From Table 1, it can be seen that for the stoichiometric Ni75Al25-xFex alloy, Fe and Al atoms occupied B sites in common, whereas the dependence of the anti-site behavior of Al atoms on composition is relatively weak. The anti-site behavior of Fe atoms becomes stronger and stronger with increasing Fe content.
Fig. 1 Temporal evolution of atomic SOP on B sites
Table 1 At equilibrium state, variations laws of atomic site occupation probability in L12-Ni3(Al1-xFex) with increasing Fe content
3.2 Evolution of volume fraction of L12-Ni3(Al1-xFex)
Figure 2 displays the variation of the volume fraction of L12-Ni3(Al1-xFex) as a function of time. For xFe=0.05% alloy, due to the addition of noise item in high temperature, the incubation period of the precipitation shows a disordering fluctuation before 5000 time steps. Then, the volume fraction of L12 phases increases quickly and reaches the maximum at the 15000 time steps, which corresponds to a quick growth stage of L12 phases. Within 15000 to 20000 time steps, the volume fraction increases slowly and gradually tends to be equilibrium, which is the coarsening stage of L12 phases. From Figs. 1(b) and (d) and Fig. 2, it is noticed that during the incubation period of the precipitation, the SOP of Fe atoms on both A and B sites is also abnormal which is consistent with the state of the volume fraction. From 5000 to 10000 time step, the SOP of Fe atoms on B sites gradually increases, and decreases on A sites. At the later stage of the growth of L12 phases (10000-15000 time steps), the SOP of Fe atoms on both A and B sites approaches to the equilibrium, and then keep unchanged. As a result, it shows that the site occupation of Fe atoms is already accomplished before the growth of L12 phase finishes. Furthermore, with increasing Fe content, the time of the SOP of Fe atoms arriving at the equilibrium is much earlier than that of the volume fraction of L12 phase, which indicates that the evolution of atomic SOP is already completed at the much earlier stage of the growth of L12 phases, and there is almost no change at the later stage of the growth and coarsening stage of L12 phases.

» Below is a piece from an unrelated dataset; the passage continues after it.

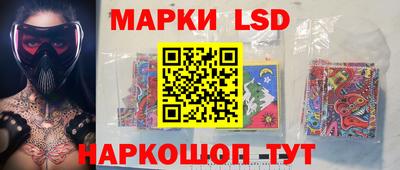 прущие крисы Кунгур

Fig. 2 Variation of volume fraction with different Fe contents
3.3 Variation of long-range order (LRO) parameter and concentration
Figure 3 shows the variation of LRO parameter and concentration of Al atoms in L12 phase with xFe=0 and 0.10% alloys. From Fig. 3(a), it can be seen that at 3000 time steps, the LRO parameter shows the larger fluctuation and continuous increase, and then reaches the equilibrium value (about 1) at 4800 time steps. Then, the curves of LRO parameter keep almost unchanged in their height although the width is broadened, which corresponds to the coarsening stage of L12 phases. Whereas, at the initial stage of aging, the value of concentration only exhibits smaller fluctuation and slower decrease, and finally reaches the equilibrium value (Fig. 3(b)). From the variation of LRO parameter and concentration curves, it can be indicated that the precipitation mechanism of L12 phases has the characteristic of spinodal decomposition.
However, for xFe=0.10% alloy, the fluctuation of LRO parameter is postponed (Fig. 3(c)), and the equilibrium values of LRO parameter of both Al and Fe atoms in L12 phases are significantly decreased, as shown in Fig. 4, which indicates that ordering process of L12 phases gradually slackens and their ordering degree obviously descends. Meanwhile, the corresponding concentration curves also present larger fluctuations in the center (Fig. 3(d)). From above analysis, it can be concluded that the formation of L12 phases shows more characteristics of non-classical nucleation and growth with increasing Fe content. The addition of Fe obviously changes the precipitation mechanism of L12 phases and makes their ordering degree gradually to be decreased.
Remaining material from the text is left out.